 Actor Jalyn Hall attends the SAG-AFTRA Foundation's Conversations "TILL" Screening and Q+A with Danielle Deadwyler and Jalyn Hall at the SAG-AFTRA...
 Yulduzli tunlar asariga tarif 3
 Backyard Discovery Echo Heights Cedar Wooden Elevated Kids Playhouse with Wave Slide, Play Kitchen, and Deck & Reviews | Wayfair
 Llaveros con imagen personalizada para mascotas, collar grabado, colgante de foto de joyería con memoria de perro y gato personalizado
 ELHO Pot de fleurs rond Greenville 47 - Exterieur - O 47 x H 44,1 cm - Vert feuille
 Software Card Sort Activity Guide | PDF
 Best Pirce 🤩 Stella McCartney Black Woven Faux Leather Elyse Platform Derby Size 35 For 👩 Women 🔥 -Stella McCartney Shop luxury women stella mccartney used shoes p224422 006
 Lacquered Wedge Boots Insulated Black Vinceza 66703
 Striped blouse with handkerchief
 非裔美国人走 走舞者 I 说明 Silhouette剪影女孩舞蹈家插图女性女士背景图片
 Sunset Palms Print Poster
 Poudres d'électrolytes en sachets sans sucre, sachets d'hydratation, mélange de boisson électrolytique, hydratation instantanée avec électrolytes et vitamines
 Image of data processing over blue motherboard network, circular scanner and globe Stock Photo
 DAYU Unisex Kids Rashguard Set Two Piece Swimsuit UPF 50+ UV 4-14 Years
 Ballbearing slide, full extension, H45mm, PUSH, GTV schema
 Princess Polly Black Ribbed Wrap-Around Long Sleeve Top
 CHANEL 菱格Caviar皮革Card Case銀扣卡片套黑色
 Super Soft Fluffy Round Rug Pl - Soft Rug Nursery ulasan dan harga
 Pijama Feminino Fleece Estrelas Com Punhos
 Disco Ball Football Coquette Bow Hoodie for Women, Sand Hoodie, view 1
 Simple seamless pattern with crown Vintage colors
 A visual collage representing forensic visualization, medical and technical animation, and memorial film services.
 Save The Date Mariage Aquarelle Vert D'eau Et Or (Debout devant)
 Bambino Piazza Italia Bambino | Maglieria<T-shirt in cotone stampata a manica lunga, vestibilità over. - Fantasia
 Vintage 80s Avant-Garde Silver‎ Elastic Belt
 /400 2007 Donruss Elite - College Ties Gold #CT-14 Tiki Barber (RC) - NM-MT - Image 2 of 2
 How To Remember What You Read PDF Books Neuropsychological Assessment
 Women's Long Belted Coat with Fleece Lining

EXERCISE DETAILS: Your answer should consist only of the lines from the one that holds "Striped blouse with handkerchief" to the end of the entries above, both ends included, each repeated exactly.

THE ANSWER:
 Striped blouse with handkerchief
 非裔美国人走 走舞者 I 说明 Silhouette剪影女孩舞蹈家插图女性女士背景图片
 Sunset Palms Print Poster
 Poudres d'électrolytes en sachets sans sucre, sachets d'hydratation, mélange de boisson électrolytique, hydratation instantanée avec électrolytes et vitamines
 Image of data processing over blue motherboard network, circular scanner and globe Stock Photo
 DAYU Unisex Kids Rashguard Set Two Piece Swimsuit UPF 50+ UV 4-14 Years
 Ballbearing slide, full extension, H45mm, PUSH, GTV schema
 Princess Polly Black Ribbed Wrap-Around Long Sleeve Top
 CHANEL 菱格Caviar皮革Card Case銀扣卡片套黑色
 Super Soft Fluffy Round Rug Pl - Soft Rug Nursery ulasan dan harga
 Pijama Feminino Fleece Estrelas Com Punhos
 Disco Ball Football Coquette Bow Hoodie for Women, Sand Hoodie, view 1
 Simple seamless pattern with crown Vintage colors
 A visual collage representing forensic visualization, medical and technical animation, and memorial film services.
 Save The Date Mariage Aquarelle Vert D'eau Et Or (Debout devant)
 Bambino Piazza Italia Bambino | Maglieria<T-shirt in cotone stampata a manica lunga, vestibilità over. - Fantasia
 Vintage 80s Avant-Garde Silver‎ Elastic Belt
 /400 2007 Donruss Elite - College Ties Gold #CT-14 Tiki Barber (RC) - NM-MT - Image 2 of 2
 How To Remember What You Read PDF Books Neuropsychological Assessment
 Women's Long Belted Coat with Fleece Lining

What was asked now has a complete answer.